Jeffrey: In college, I worked on the newspaper. We used Macs, and the Pagemaker layout program. Now I use Quark, like most people… But that’s where I cut my teeth in terms of learning computer design. If you know Quark, then you will be able to handle the production of a book. In terms of getting the word out and distributing my book, I learned a lot from doing zines. I also worked in the marketing department at a publishing house — the indpendent, non-profit The New Press — which helped me understand how book publishing works, from basic terminology to getting press.
Sean: Why did you decide to publish your book yourself? Are you inspired to do more?
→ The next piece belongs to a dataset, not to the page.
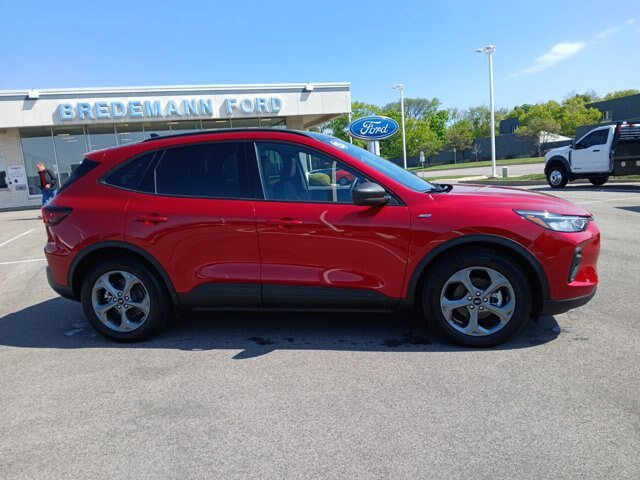 Certified 2025 Ford Escape ST-Line w/ Equipment Group 301A FWD image 3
Jeffrey: Mainly, I simply wanted to do the book. Again, it was built up over time, starting with the zine and then growing with the website. All the while I had gotten more and more interested in independent publishing, was talking about it more and more, and finally got to the point where I realized I needed less talk and more action. So I did the book. In terms of deciding to publish it myself, that was the original path. I never saw it any other way, though I must admit that I’m pretty sure no one else would have published it. At least not the way I was planning to do it. I am definitely inspired to do more, but I’m also inspired to get published by a publisher. It all depends on subject of the book. Right now I am putting the finishing touches on my Get The Word Out book — it’s a book with insights, information and interviews on how to get the word out about independent projects. It would be absolutely hypocritical to have a publisher publish that book. I’m doing that one myself. I have another idea for a book, and I’m pretty sure that no one else is going to want to publish it… so I’ll do it myself. But one of my other ideas, I’m hopeful that a publisher will take it on. But you never know. One thing I do know, however, is that if I ever have a book that I want to do, and no publisher will take it on, I will go forward with the book on my own.
Sean: Do you find that people are prejudiced against your book or that they somehow dismiss it because you published it yourself?
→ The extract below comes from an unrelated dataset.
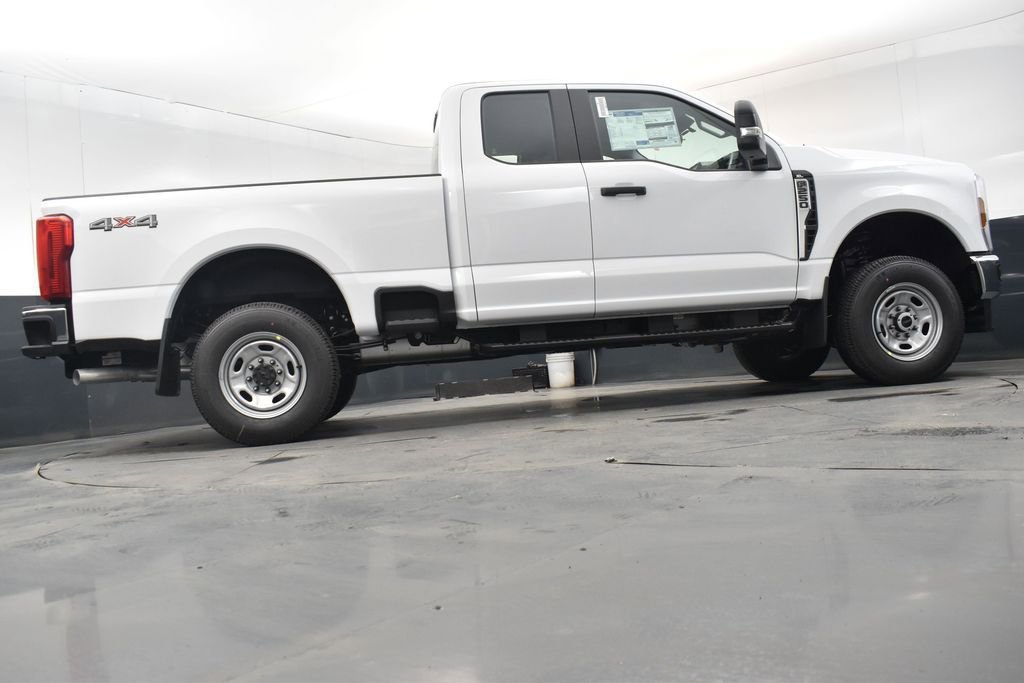New 2026 Ford F250 XL w/ XL Chrome Package AWD/4WD image 17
Jeffrey: Sure, there’s a little of that. Part of what helped my book was that it was closely affiliated with the workingfortheman.com website, and that website has been fairly successful. DIY websites are looked on as cool, whereas with DIY books, there is this stigma. DIY poetry books will suffer the worst, then novels, then non-fiction. There’s not much you can do about this — the stigma is there. Persistence and a solid, confident effort to get the word out about your book helps break down the stigma.
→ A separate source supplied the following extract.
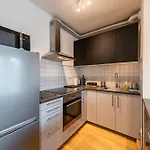 Garden Towers דירה *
Sean: Who is your audience?
Jeffrey: For the Working For the Man book and and the workingfortheman.com website, anyone who wants a good laugh about the world of work. For Bookmouth.com and the Get The Word Out project, people who are interested in books, publishing, independent projects and the DIY effort in general.
Sean: What is the future of independent publishing?
Jeffrey: Oh man, it’s wide open. It’s a beautiful thing, really, because the future is in the hands of anyone and everyone who gets to work and gets a book done. Sure there’s all this talk of e-books and print-on-demand and the web — all great new elements and developments that independent publishers can use and run with — but to me, it just comes down to the creation of cool projects that find their way through the cultural noise and the walls of the mass media, and there it is, something that just blows away the people who get their hands on it. Things are out there right now, things are being created at this very moment, and things have yet to be made but the seeds are germinating… that’s the past and present and the future, really. But I believe it’s building upon itself and growing and becoming more accessible, so to me the future for independent publishing looks very bright indeed.